## Task statement
Write out only the lines from the line that holds "Cổng an ninh chống trộm IRD 8066" to the end of the listing below, inclusive, with the pictures omitted.

## Exercise data
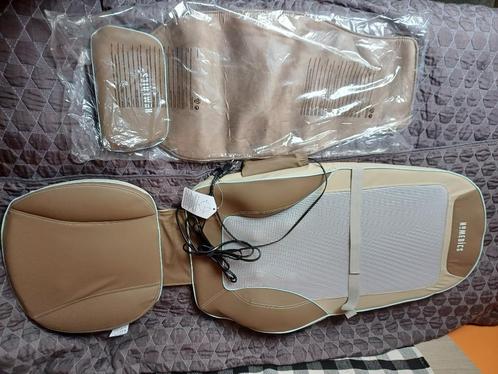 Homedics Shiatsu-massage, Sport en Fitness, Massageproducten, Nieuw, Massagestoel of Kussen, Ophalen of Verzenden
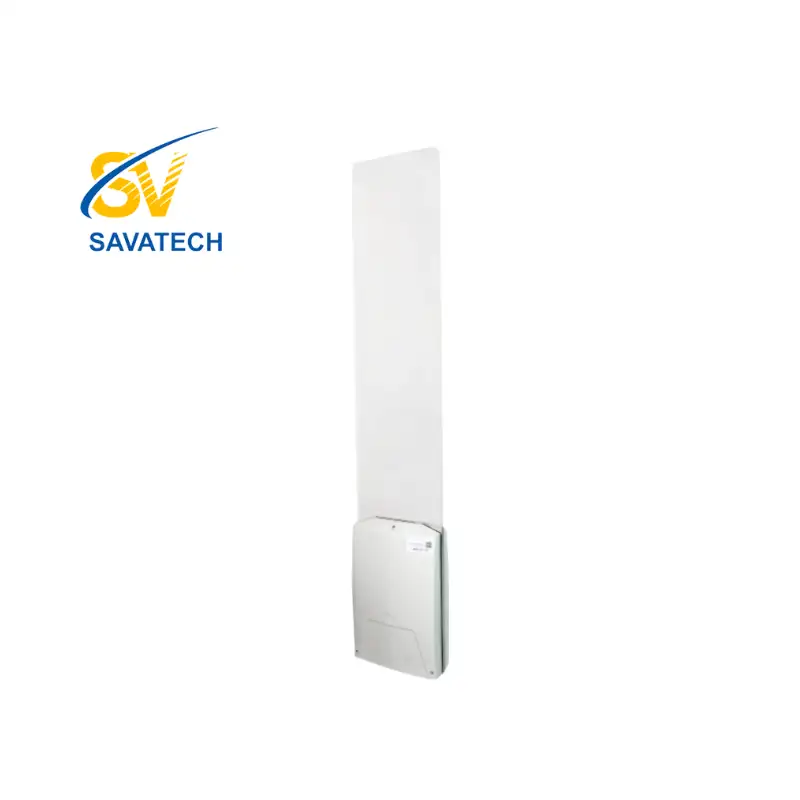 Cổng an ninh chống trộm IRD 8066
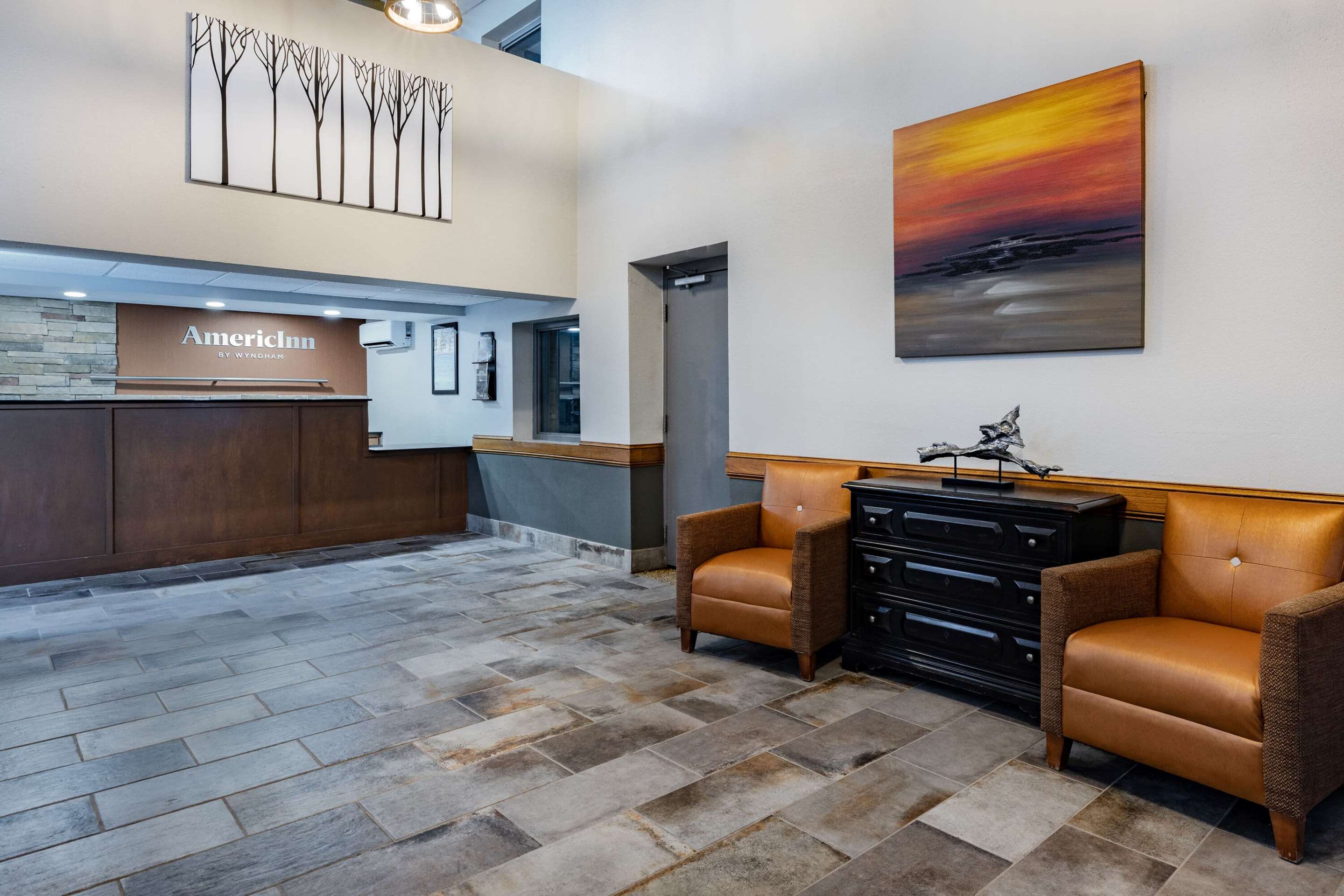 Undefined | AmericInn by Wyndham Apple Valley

## Solution to this problem
 Cổng an ninh chống trộm IRD 8066
 Undefined | AmericInn by Wyndham Apple Valley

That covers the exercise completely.